## Provided data

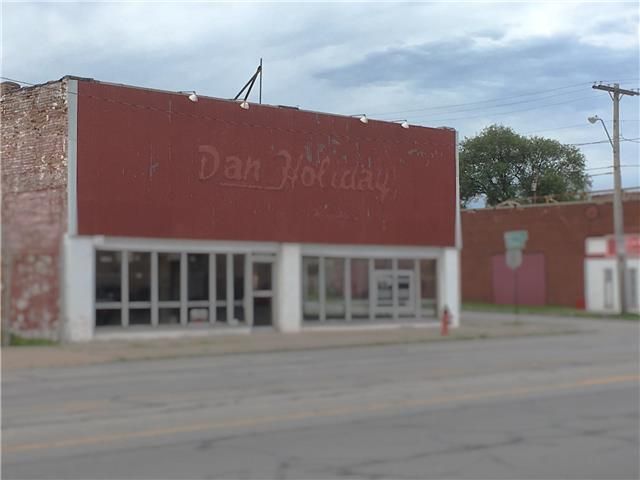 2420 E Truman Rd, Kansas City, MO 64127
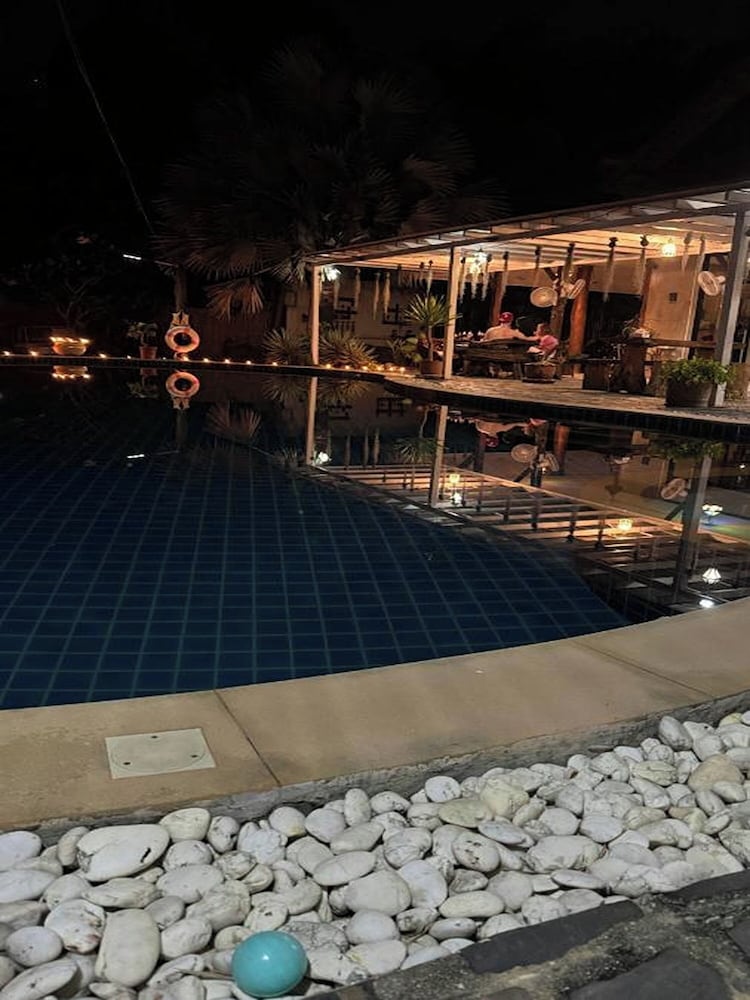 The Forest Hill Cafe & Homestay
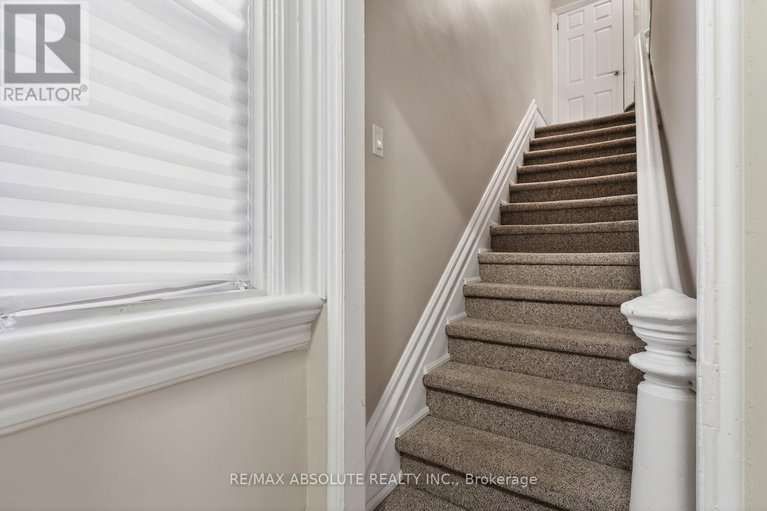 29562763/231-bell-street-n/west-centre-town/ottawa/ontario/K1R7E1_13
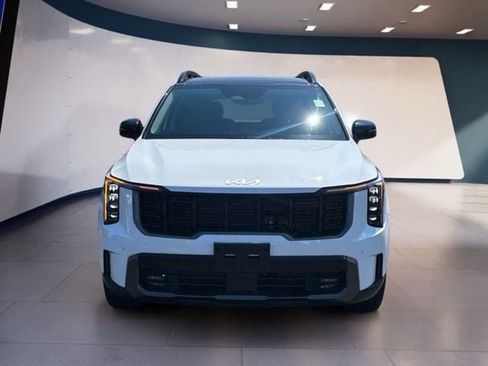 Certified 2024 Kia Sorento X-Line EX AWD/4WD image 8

## Task requirements
I would like the material above returned exactly as it stands, without its pictures.

## Expected answer
 2420 E Truman Rd, Kansas City, MO 64127
 The Forest Hill Cafe & Homestay
 29562763/231-bell-street-n/west-centre-town/ottawa/ontario/K1R7E1_13
 Certified 2024 Kia Sorento X-Line EX AWD/4WD image 8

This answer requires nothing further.